综上,这本书和我的关系真是太复杂了。它让我把自己代入其中继而面临着要命的质疑曾经信仰的危机,让我因为自己符合书中某些情况而心酸,让我因为觉得书中某些想法严重亵渎了曾经的我而愤懑,亦让我受到它的启发而反思甚至愿意把它的一些内容当作警句使用。

 

读者互动:


刘澜说:


中心明确,感想也和思想能够结合。不过作者行文不太自信,有些中学生作文的味道(开头的“初识”,最后的“综述”等等)。跟以上两位同学相同的是,“的、地、得”的错误,及其他编辑小错误,很多。


作者说:

“ 的、地、得”的问题前半年写各个春季学期论文时候注意过一阵子。。但是没坚持下来。犹记得小学时候老师说从这年起不要求小朋友们区分这仨字儿了。

至于行文不自信和某种味道,不敢苟同,我提炼了一下,觉得这种不自信的风格和这种味道是这一两年来形成的文风,更准确的说是我惯用的语词搭配和句法的风格。


张晓宇说:

我只在高考的时候和写毕业论文的时候特意注意这三字来着……现在基本输入法默认是哪个就直接打上了。


凌岩说:

 狂热分子是行动者,《狂热分子》是评论者,“我是狂热分子么”,是想想。不是想想,而是从体验自己的狂热开始,可能更容易通往行动的狂热分子的体验。不必是革命,追星、时尚都可以,摇滚也可以,绝地旅行也可以。不只是说自己的想法,而且尝试表达自己的体验,“我是狂热分子么?”可能会有不同的想法。

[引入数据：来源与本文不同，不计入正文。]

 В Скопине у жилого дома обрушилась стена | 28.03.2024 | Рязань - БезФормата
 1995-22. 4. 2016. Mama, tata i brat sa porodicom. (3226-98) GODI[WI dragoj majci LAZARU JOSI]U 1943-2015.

另外,说到味道,刘老师的点评有中学语文老师的味道,哈哈。不过,刘老师别上郭坏的当,她那个不太自信、作文味道,其实都是她的圈套。小心:郭坏不是郭好,是过坏,罗嗦地解释就是坏得不一般的意思——哈哈哈,一句话的地得全用上了。可悲的是,郭坏说老师说现在不要求区分了,好不容易练就一手绝招,全废了。

 

张晓宇说:

 刚在豆瓣上看了一圈《狂热分子》的书评,每一篇能引诱我去读这本书的。于是再回来读咱们的书评,细看了一遍郭佳的,看着看着就乐了,想起来她的曾经的理想了,原来与这本书有这么大关系,冲着一本书跟她的理想的重大关系,也觉得值得一看了。说道真的以我为主,看来看去,还是这篇比较畅快。不过,这也是建立在我认识她,知道典故,被她的经历吸引,因为这本书在她的经历之中,所以我想看!熟人之间的书评,感觉就是这样的。


凌岩说:

她应该把她曾经的那个理想写出来,第一句就写出来。那会比《狂热分子》这个书名雷十倍。